FRENCH CIRCUMNAVIGATORS, I
Though their hair is smooth, they plaster it with grease and arrange it in curls. Then inserting in the middle a tuft of grass, they raise a strange and comical superstructure, surmounted by a few cockatoo feathers; or failing these, they fasten on, with the aid of a resinous gum, a few human teeth, or some bits of bone, a dog's tail, or one or two fish bones. Although the practice of tattooing is not much in favour among the natives of New Holland, some are occasionally to be seen who have succeeded by means of sharp shells in cutting symmetrical figures upon their skins. A more general custom is that of painting on their bodies monstrous designs in red and white colours which, on their dark skins, give them an almost diabolical aspect.

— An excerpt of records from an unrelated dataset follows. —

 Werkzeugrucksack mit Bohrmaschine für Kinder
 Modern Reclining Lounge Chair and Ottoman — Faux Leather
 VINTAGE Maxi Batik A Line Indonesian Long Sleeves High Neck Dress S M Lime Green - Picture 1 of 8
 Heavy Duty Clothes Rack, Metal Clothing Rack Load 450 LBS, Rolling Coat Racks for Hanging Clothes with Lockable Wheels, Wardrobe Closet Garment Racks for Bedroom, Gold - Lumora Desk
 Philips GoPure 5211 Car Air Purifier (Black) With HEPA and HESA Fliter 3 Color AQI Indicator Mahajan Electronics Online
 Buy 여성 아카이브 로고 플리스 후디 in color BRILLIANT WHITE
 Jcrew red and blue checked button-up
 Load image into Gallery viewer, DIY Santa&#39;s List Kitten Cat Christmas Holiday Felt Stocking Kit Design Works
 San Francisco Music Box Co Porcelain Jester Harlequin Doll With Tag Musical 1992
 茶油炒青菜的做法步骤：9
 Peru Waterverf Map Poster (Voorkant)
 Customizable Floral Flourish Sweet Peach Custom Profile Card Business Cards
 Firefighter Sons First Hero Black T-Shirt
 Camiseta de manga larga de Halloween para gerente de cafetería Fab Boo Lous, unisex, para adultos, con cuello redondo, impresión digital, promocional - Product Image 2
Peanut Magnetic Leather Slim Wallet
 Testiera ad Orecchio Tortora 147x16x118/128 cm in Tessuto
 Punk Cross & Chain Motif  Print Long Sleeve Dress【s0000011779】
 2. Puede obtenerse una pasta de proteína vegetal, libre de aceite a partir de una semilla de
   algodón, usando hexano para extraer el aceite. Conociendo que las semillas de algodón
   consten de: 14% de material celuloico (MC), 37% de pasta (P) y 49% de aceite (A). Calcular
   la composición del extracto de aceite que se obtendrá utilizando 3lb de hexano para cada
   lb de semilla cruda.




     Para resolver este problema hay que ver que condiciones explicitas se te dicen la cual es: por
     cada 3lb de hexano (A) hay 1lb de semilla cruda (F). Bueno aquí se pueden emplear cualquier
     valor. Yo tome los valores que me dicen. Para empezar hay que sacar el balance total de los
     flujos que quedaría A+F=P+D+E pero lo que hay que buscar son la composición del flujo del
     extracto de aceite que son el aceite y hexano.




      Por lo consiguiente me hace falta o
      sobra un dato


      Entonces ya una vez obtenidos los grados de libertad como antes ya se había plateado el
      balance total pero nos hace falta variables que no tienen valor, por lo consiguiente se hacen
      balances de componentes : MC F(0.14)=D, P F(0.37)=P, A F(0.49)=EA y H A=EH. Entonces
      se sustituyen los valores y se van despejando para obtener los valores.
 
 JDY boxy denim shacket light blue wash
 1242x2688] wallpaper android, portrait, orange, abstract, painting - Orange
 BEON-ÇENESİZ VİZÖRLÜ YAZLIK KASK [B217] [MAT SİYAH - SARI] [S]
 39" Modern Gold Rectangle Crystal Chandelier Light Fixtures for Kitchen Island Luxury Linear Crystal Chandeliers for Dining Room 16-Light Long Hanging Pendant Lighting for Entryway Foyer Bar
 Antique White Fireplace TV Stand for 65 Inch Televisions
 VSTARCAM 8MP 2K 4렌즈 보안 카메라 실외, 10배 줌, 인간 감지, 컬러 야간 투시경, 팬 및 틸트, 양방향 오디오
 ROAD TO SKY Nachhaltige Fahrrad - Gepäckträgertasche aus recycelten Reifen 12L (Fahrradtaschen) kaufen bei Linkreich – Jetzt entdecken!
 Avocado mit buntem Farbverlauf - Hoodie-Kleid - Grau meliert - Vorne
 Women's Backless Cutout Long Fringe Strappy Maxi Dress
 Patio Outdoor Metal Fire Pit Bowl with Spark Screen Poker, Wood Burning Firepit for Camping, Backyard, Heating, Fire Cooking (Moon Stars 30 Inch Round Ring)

These savages formerly believed that after death they would take the form of children, and be transported to the clouds or to the summits of lofty trees, where, in a sort of aërial paradise, they would be regaled with plentiful repasts. But since the arrival of the Europeans their faith on this point has undergone some change, their present belief being, that metamorphosed into whites they will go to inhabit some far-off land. It is also an article of their creed that the whites themselves are no other than their own ancestors, who, having been killed in battle, have assumed the form of Europeans.
The census of 1819—one of the strictest hitherto instituted—gives the number of the colonists at 25,425; this return, it must be understood, does not take in the soldiers. The women being very much in the minority, the mother-country had made efforts to remedy the inconvenience resulting from this great disparity of the sexes, by promoting the immigration of young women, who soon married and founded families of a higher tone of morality than that of the convicts.
Freycinet devotes a very long chapter in his narrative to all matters connected with political economy. The various soils and the crops suited to them; industrial pursuits; the breeding of cattle; farming economy; manufactures; foreign trade; means of communication; government;—all these subjects are treated comprehensively on the authority of documents then newly compiled, and with an ability that could scarcely have been expected from a man who had not given special attention to questions of this nature. He has, moreover, added a close inquiry into the regimen which the convicts were subjected to from the time of their arrival in the colony, the punishments they had to undergo, as also the encouragements and rewards which were readily granted to them, when earned by good behaviour. The chapter concludes with reflections full of learning and sound judgment on the probable development and future prosperity of the Australian colony.
After this long and fruitful stay in New Holland, the Uranie put to sea on the 25th December, 1819, and steered so as to pass to the south of New Zealand and Campbell Island, with the view of doubling Cape Horn. A few days afterwards ten fugitive convicts were discovered on board; but the corvette had left the shores of Australia too far behind to allow of their restoration. The coast of Tierra del Fuego was reached without anything worthy of special notice having occurred during a very prosperous voyage, with a prevailing west wind. On the 5th February, Cape Desolation was sighted. Having doubled Cape Horn without any difficulty, the Uranie let go her anchor in the Bay of Good Success, where the shores, lined with grand forest-trees and echoing to the sound of waterfalls, presented a scene totally different from the sterile desolation generally characterizing this quarter of the globe. No long stay was, however, made there; the corvette resuming her voyage, lost no time in entering the Strait of Le Maire, notwithstanding a dense haze. Here she met with a heavy swell, a strong gale, and a mist so thick that land, sea, and sky were confounded in one general obscurity. The rain and the heavy spray raised by the storm, and the coming on of night, made it necessary to put the Uranie under a close-reefed topsail and jib, under which pressure of sail she behaved splendidly. The only available course was to run before the wind, and the travellers had just begun to feel thankful for their good fortune in being driven by the storm far away from the land, when the cry was heard, "Land close ahead!"
All hearts sunk with despair; shipwreck and death seemed inevitable. Freycinet alone, after a brief instant of hesitation, recovered his self-command. It was impossible that land could be ahead. He, therefore, kept on his northerly course, bearing a little east, and the correctness of his calculations was soon verified. On the next day but one the weather grew calmer; observations were taken, and as they proved the vessel to have run a great distance from the Bay of Good Success, the commander had to choose between a detention off the coast of South America, or off the Falkland Islands. The island of Conti, the Bay of Marville, and Cape Duras, were successively observed through the haze, whilst a favourable breeze speeded the corvette on her course to Berkeley Sound, fixed on as the best place for the next halt.